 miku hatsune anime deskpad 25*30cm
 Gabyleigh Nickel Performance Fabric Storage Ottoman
──────────
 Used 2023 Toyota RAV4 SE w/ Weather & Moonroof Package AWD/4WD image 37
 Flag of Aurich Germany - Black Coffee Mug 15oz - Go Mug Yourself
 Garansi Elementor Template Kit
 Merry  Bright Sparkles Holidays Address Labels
──────────
*WORK ITEM*
Set down precisely the lines above between the line holding "Used 2023 Toyota" and the line holding "Holidays Address Labels", inclusive, and nothing beyond them.

*FINAL ANSWER*
 Used 2023 Toyota RAV4 SE w/ Weather & Moonroof Package AWD/4WD image 37
 Flag of Aurich Germany - Black Coffee Mug 15oz - Go Mug Yourself
 Garansi Elementor Template Kit
 Merry  Bright Sparkles Holidays Address Labels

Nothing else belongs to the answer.